■ **Exercise objective**
Could you print the lines below exactly, from the one holding "Domestic panel mounting" through the last line, with no other output?

[Stored dataset items]
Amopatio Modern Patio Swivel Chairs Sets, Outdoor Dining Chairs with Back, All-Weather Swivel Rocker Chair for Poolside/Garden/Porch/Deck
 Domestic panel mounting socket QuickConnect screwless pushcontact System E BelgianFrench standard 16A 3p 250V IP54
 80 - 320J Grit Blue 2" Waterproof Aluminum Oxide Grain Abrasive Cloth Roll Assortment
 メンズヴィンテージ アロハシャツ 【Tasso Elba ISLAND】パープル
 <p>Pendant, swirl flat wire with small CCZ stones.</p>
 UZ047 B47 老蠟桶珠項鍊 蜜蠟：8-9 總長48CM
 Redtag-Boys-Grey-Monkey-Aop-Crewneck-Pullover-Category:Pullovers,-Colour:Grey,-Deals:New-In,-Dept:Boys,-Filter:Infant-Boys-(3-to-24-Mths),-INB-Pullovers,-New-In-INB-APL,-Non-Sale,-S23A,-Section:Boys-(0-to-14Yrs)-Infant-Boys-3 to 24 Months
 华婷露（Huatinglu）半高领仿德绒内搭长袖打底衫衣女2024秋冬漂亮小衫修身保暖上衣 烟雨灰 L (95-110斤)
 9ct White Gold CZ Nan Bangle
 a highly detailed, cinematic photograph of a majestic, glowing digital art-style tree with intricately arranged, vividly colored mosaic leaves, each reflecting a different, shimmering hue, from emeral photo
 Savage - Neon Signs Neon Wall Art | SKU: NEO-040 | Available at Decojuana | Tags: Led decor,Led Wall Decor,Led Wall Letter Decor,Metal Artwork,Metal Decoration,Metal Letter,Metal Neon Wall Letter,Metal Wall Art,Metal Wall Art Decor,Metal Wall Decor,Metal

■ **Task answer**
 Domestic panel mounting socket QuickConnect screwless pushcontact System E BelgianFrench standard 16A 3p 250V IP54
 80 - 320J Grit Blue 2" Waterproof Aluminum Oxide Grain Abrasive Cloth Roll Assortment
 メンズヴィンテージ アロハシャツ 【Tasso Elba ISLAND】パープル
 <p>Pendant, swirl flat wire with small CCZ stones.</p>
 UZ047 B47 老蠟桶珠項鍊 蜜蠟：8-9 總長48CM
 Redtag-Boys-Grey-Monkey-Aop-Crewneck-Pullover-Category:Pullovers,-Colour:Grey,-Deals:New-In,-Dept:Boys,-Filter:Infant-Boys-(3-to-24-Mths),-INB-Pullovers,-New-In-INB-APL,-Non-Sale,-S23A,-Section:Boys-(0-to-14Yrs)-Infant-Boys-3 to 24 Months
 华婷露（Huatinglu）半高领仿德绒内搭长袖打底衫衣女2024秋冬漂亮小衫修身保暖上衣 烟雨灰 L (95-110斤)
 9ct White Gold CZ Nan Bangle
 a highly detailed, cinematic photograph of a majestic, glowing digital art-style tree with intricately arranged, vividly colored mosaic leaves, each reflecting a different, shimmering hue, from emeral photo
 Savage - Neon Signs Neon Wall Art | SKU: NEO-040 | Available at Decojuana | Tags: Led decor,Led Wall Decor,Led Wall Letter Decor,Metal Artwork,Metal Decoration,Metal Letter,Metal Neon Wall Letter,Metal Wall Art,Metal Wall Art Decor,Metal Wall Decor,Metal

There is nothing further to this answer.